EXERCISE INPUT:

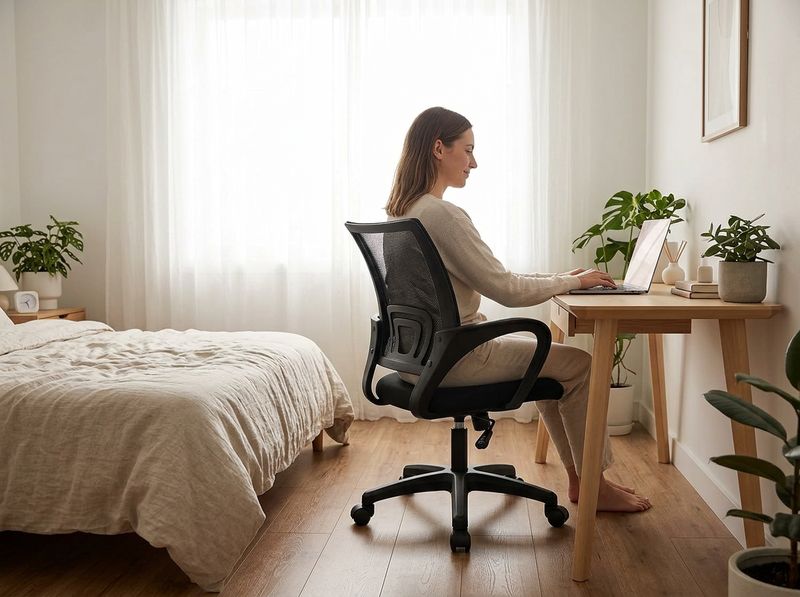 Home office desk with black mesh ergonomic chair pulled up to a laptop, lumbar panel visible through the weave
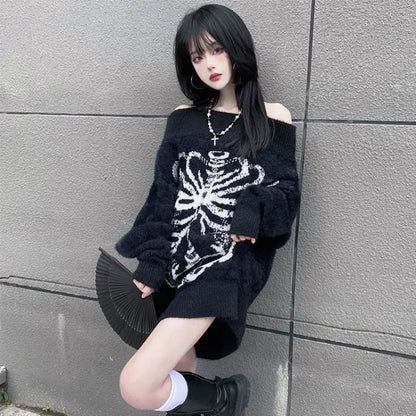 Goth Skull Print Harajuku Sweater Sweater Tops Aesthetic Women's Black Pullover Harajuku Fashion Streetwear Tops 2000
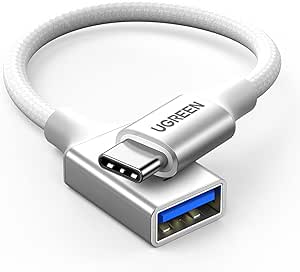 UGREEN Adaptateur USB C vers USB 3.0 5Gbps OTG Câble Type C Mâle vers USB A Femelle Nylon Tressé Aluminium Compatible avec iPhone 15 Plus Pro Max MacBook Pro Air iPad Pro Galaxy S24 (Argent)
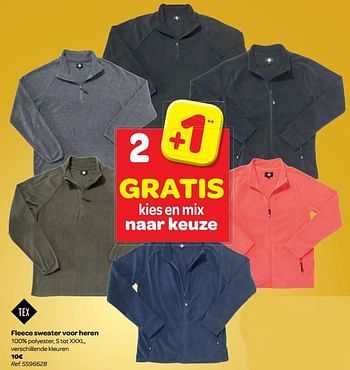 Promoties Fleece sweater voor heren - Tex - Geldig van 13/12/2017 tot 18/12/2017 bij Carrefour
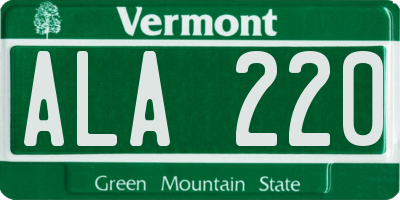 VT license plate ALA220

* * *

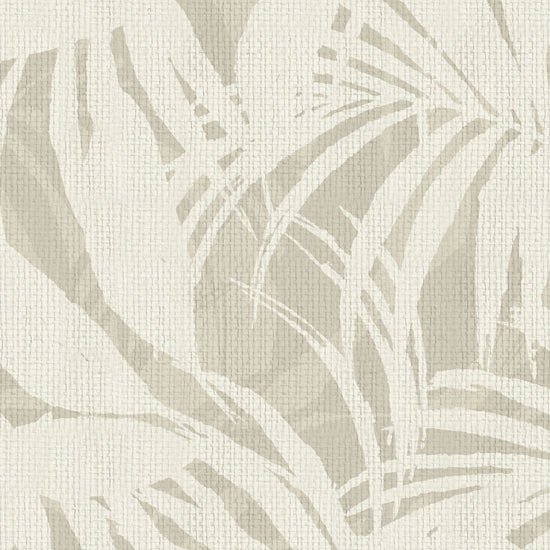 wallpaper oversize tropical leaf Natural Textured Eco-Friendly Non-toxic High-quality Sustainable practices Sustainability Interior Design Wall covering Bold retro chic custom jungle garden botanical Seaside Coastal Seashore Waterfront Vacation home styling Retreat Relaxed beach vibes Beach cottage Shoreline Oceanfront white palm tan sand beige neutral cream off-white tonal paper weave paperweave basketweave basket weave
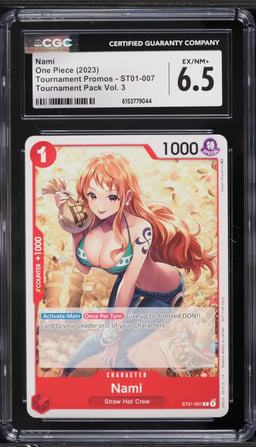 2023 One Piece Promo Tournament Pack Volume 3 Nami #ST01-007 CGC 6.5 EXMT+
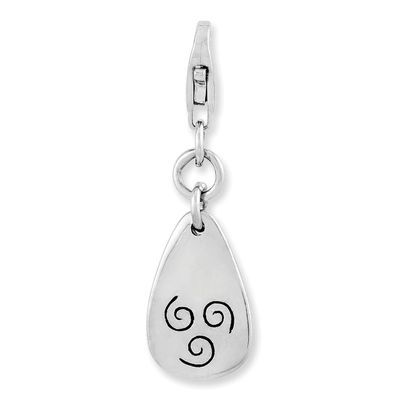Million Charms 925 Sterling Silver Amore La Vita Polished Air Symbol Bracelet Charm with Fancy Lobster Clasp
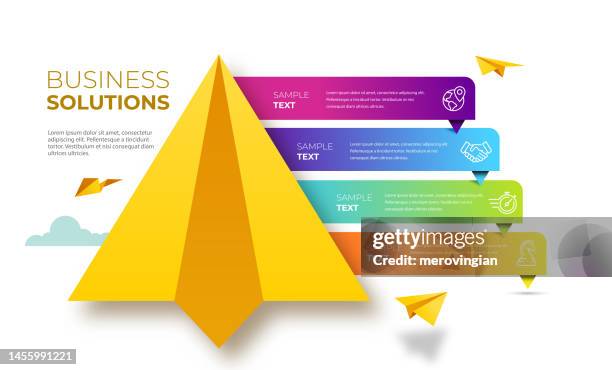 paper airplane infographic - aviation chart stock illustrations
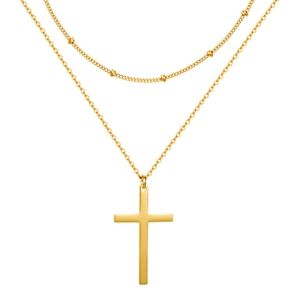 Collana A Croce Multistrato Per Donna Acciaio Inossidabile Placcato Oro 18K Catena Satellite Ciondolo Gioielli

==

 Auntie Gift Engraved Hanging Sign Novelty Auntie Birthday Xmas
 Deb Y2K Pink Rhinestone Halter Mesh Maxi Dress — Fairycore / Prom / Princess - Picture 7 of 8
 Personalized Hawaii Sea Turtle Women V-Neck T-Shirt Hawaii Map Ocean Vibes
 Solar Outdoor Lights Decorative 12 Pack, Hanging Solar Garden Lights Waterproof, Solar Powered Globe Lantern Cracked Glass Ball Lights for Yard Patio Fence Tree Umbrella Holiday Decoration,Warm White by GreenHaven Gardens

DIRECTIONS FOR THIS TASK:
From the material above, copy each line that includes the word "Hanging".

ANSWER BOX:
 Auntie Gift Engraved Hanging Sign Novelty Auntie Birthday Xmas
 Solar Outdoor Lights Decorative 12 Pack, Hanging Solar Garden Lights Waterproof, Solar Powered Globe Lantern Cracked Glass Ball Lights for Yard Patio Fence Tree Umbrella Holiday Decoration,Warm White by GreenHaven Gardens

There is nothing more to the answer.